(Task instructions):
What is needed is a word-for-word transcript of the listing, free of pictures.
** Stored data follows **
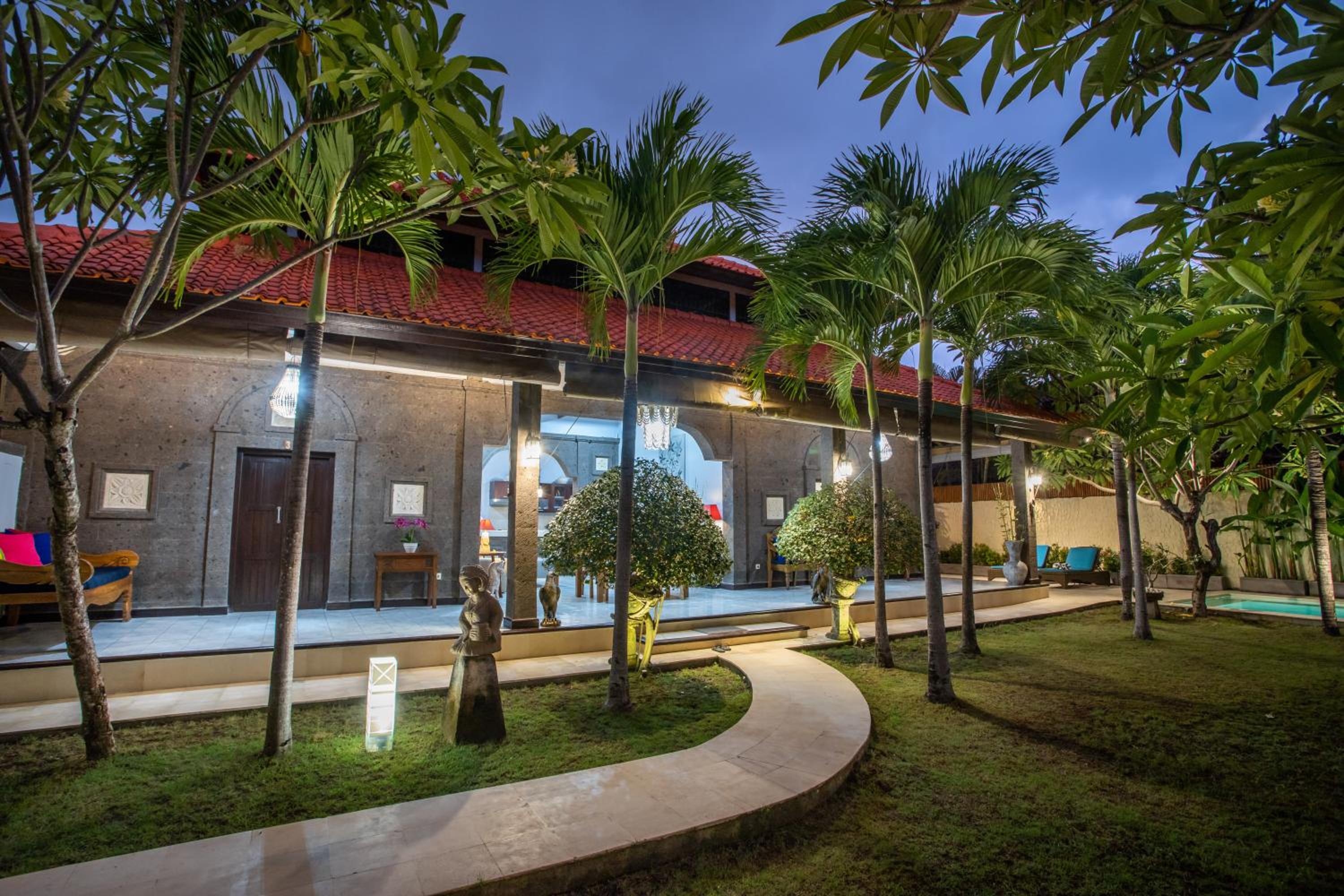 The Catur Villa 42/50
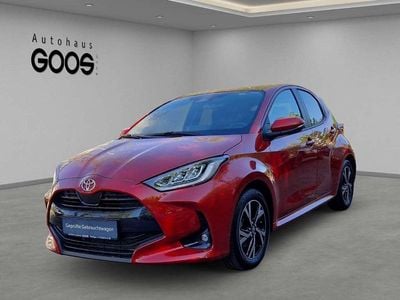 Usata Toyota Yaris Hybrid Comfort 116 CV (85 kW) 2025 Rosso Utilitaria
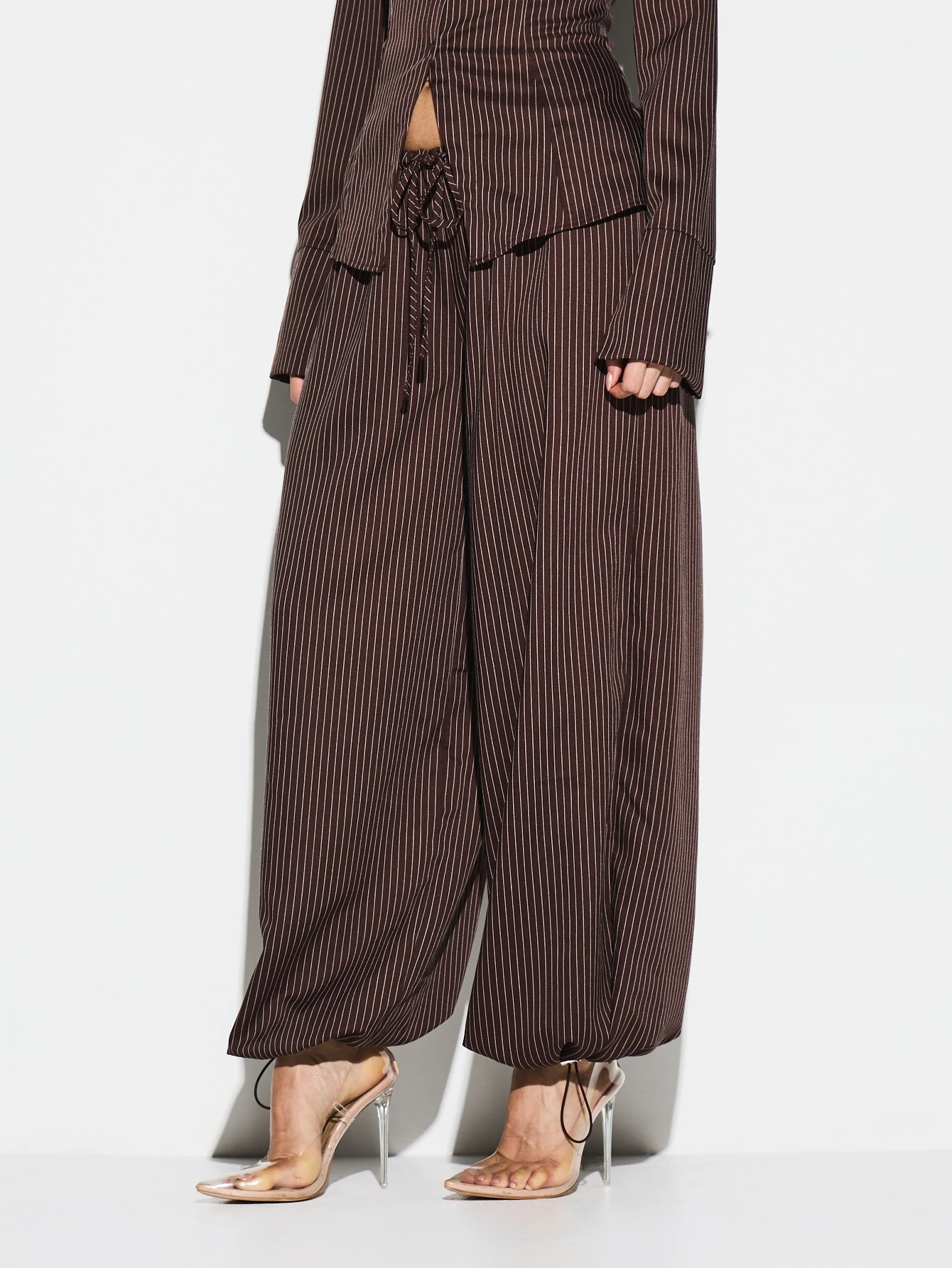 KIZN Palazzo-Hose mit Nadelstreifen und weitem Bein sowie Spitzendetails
** End of Stored data **
(Result for this task):
 The Catur Villa 42/50
 Usata Toyota Yaris Hybrid Comfort 116 CV (85 kW) 2025 Rosso Utilitaria
 KIZN Palazzo-Hose mit Nadelstreifen und weitem Bein sowie Spitzendetails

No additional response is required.